Being second or even third generation vegetarian is very different from being first, not least because they have been able to see the effects of a vegetarian lifestyle on their parents and even grandparents. It may never cross such a person's mind to yearn for a bacon sandwich with tomato sauce or a French dip beef sandwich au jus, because the thought is repugnant to them.

They have not had to make a conscious decision or a huge physical endevour to strip meat from their diet after perhaps eating it for twenty years or more. My father gave up meat for ethical as well as practical reasons when he was sixty and he yearned for 'bacon butties' (sandwiches) for the remainder of his life. He thought it difficult.

His reasons for giving up meat were pretty typical: he objected to the callousness to animals that is brought on by intensive farming methods in some countries; he objected to the use of hormones and preservatives in live animals and he believed that eating so much meat was not a sustainable lifestyle for a growing world populace, that was becoming steadily rich enough that everyone would want to eat more meat sooner or later.

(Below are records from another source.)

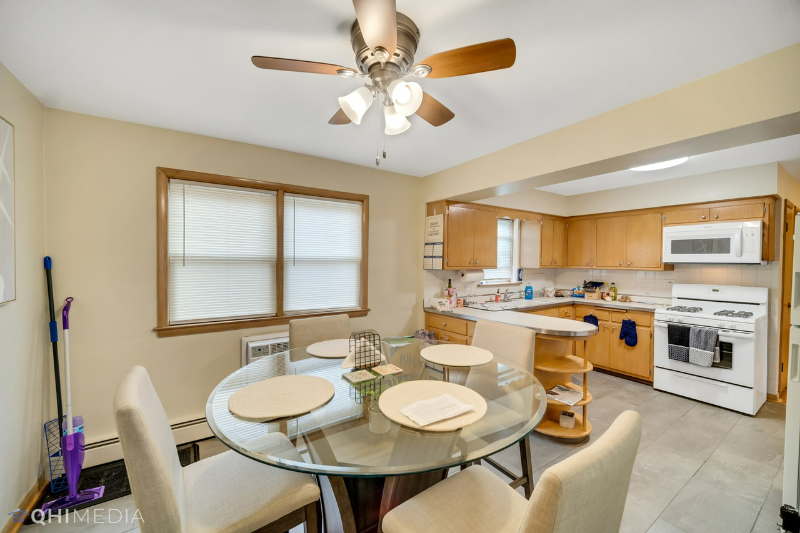 3205 W 97th St #2W - Photo 4 of 6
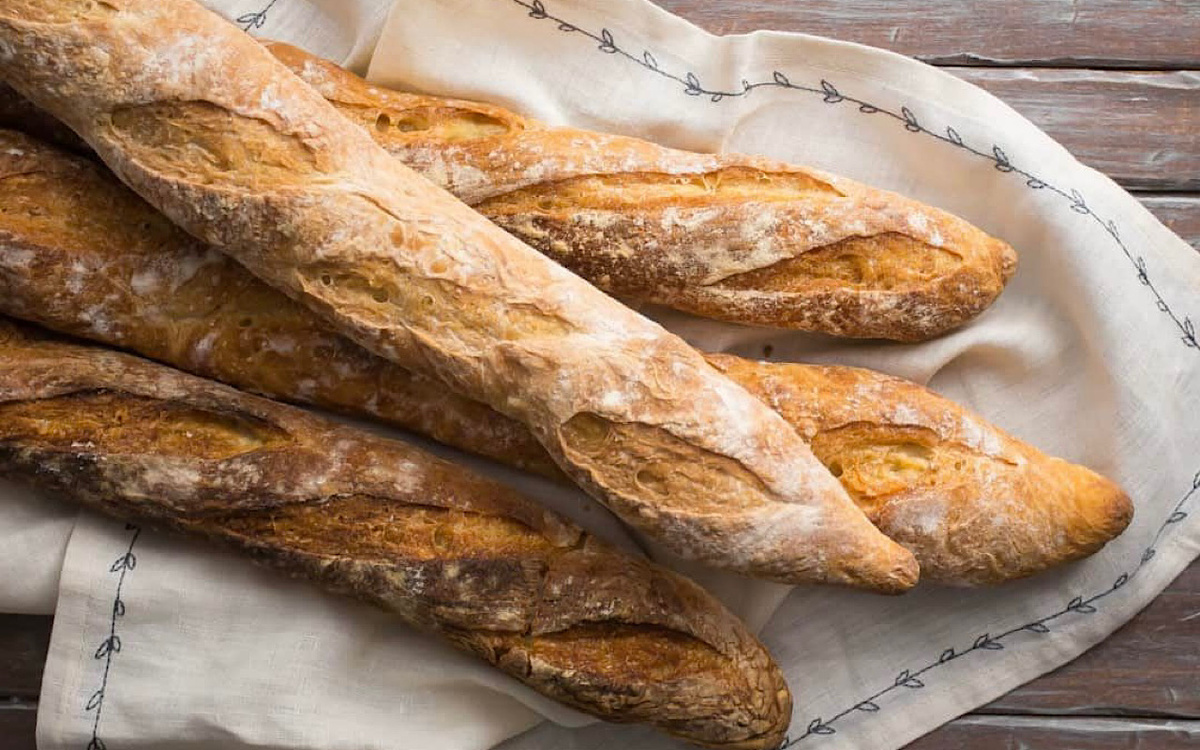 Как испечь идеальный французский багет в домашних условиях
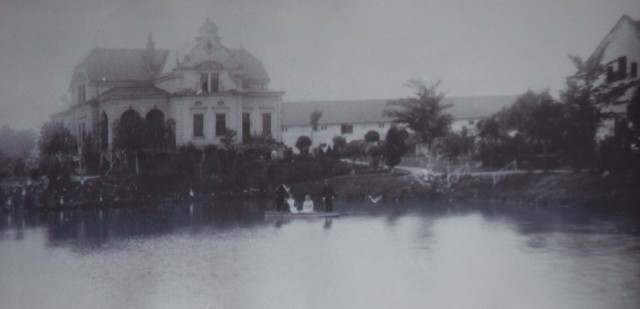 Album archiwalnych zdjęć Bierunia Starego i Nowego Bierunia. Zobacz kolejne zdjęcia. Przesuwaj zdjęcia w prawo - naciśnij strzałkę lub przycisk NASTĘPNE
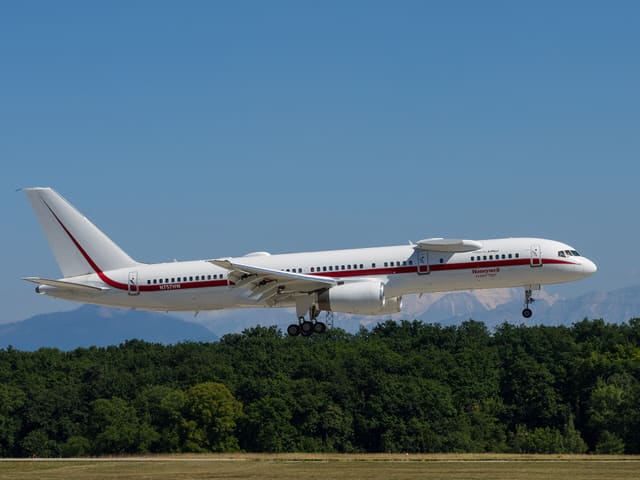 N757HW - Boeing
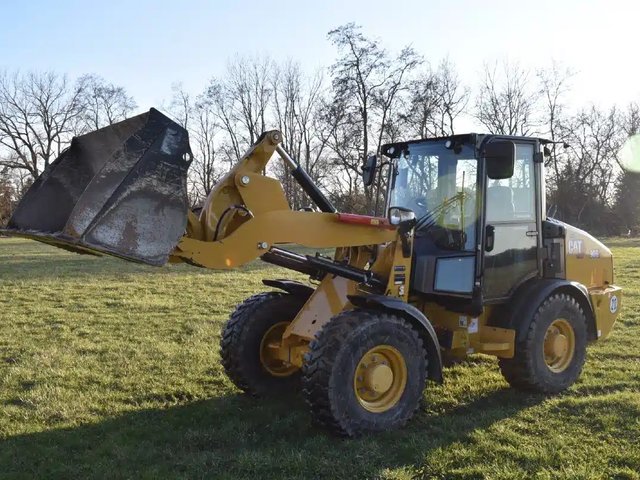 2023 Caterpillar 906 Chargeur sur roues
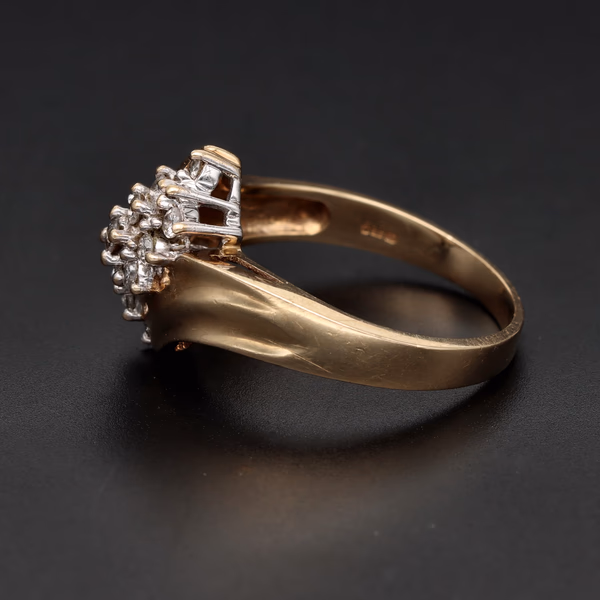 9ct Gold Diamond Ring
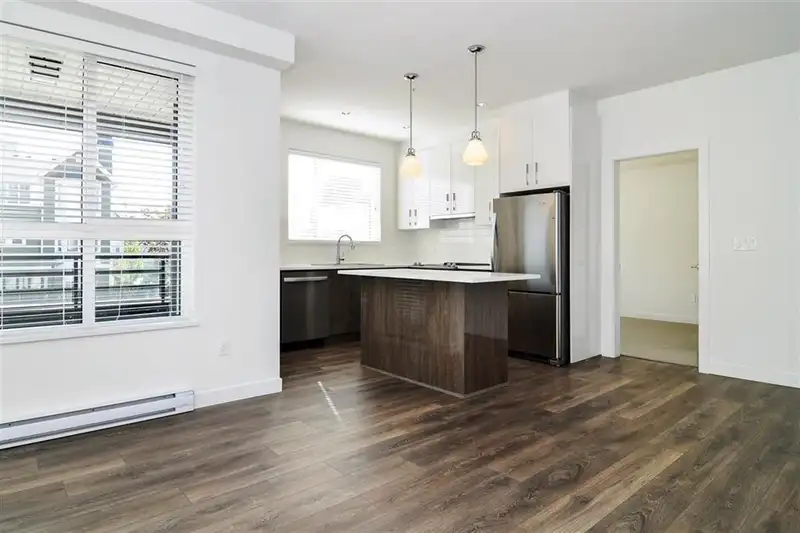 216 20829 77A AVENUE - photo 2 of 17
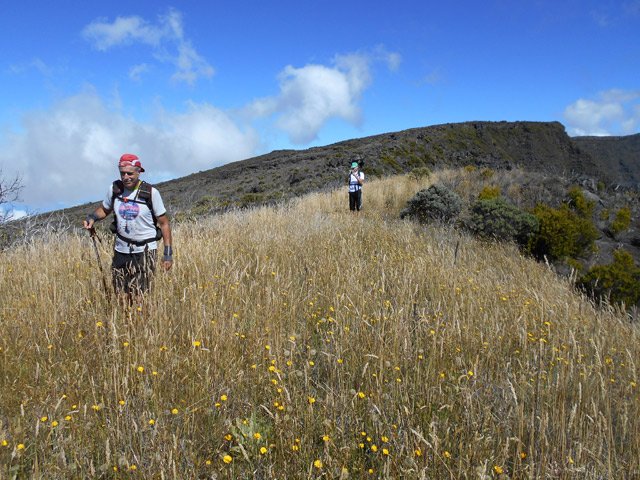 Quelques portions herbeuses, à 10 m du bord, très faciles et agréables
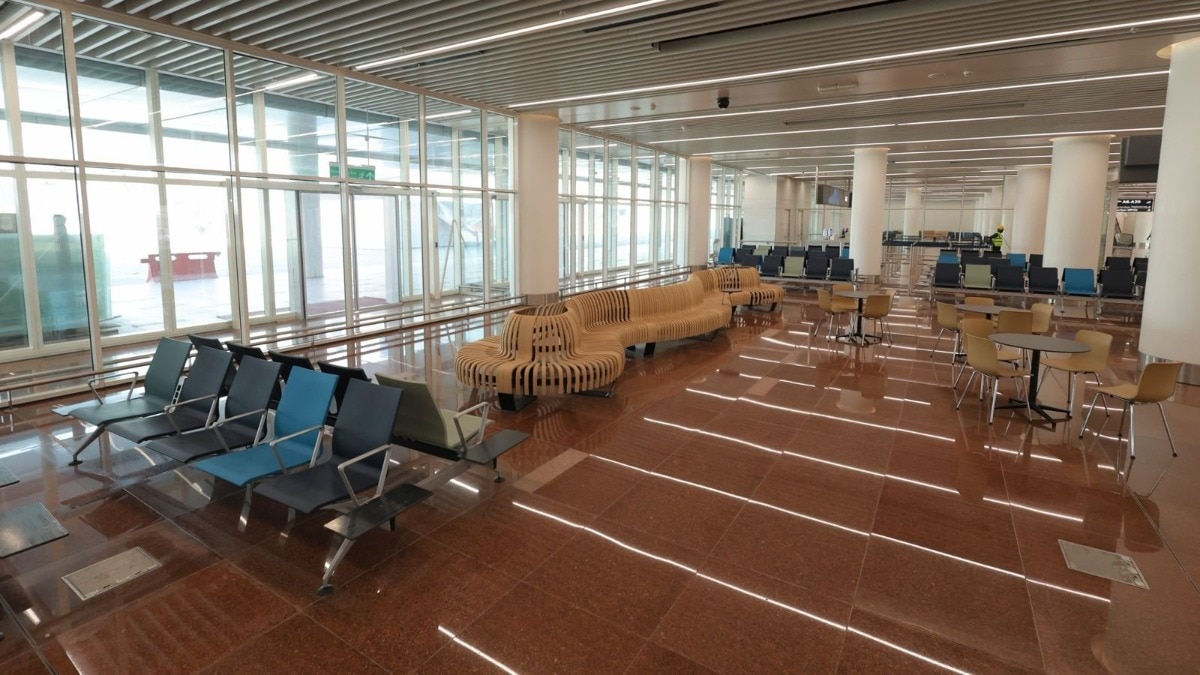 The launch of the airport marks a key milestone in strengthening India’s aviation infrastructure. Envisioned as a major international gateway for the NCR, the facility will complement operations at Indira Gandhi International Airport.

Society does not help or encourage the would-be vegetarian. The farming industry has grown huge and they have a vested interest in selling us their dairy, meat and eggs. It is difficult to escape pictures and hoardings promoting their products. Although the situation is better these days, restaurants still cater usually to the meat-eaters and vegetarian meals always seem small and costly by comparison.

Luckily there are plenty of 'Eastern' restaurants that cater naturally to the vegetarian because numerous Easterners are vegetarian. You can always find vegetarian meals on a Chinese, Japanese or an Indian menu. Hindus are vegetarian. Thai restaurants will also have a high proportion of meatless meals.

However, if you do not enjoy spicy food, you are back in the pizza hut or the sandwich bar in most towns. Society has moved on, but there is still a long way to go yet the vegetarian life is definitely becoming easier to sustain. There is support in numbers, so it would be worth taking vegetarian cookery lessons if your resolve begins to weaken.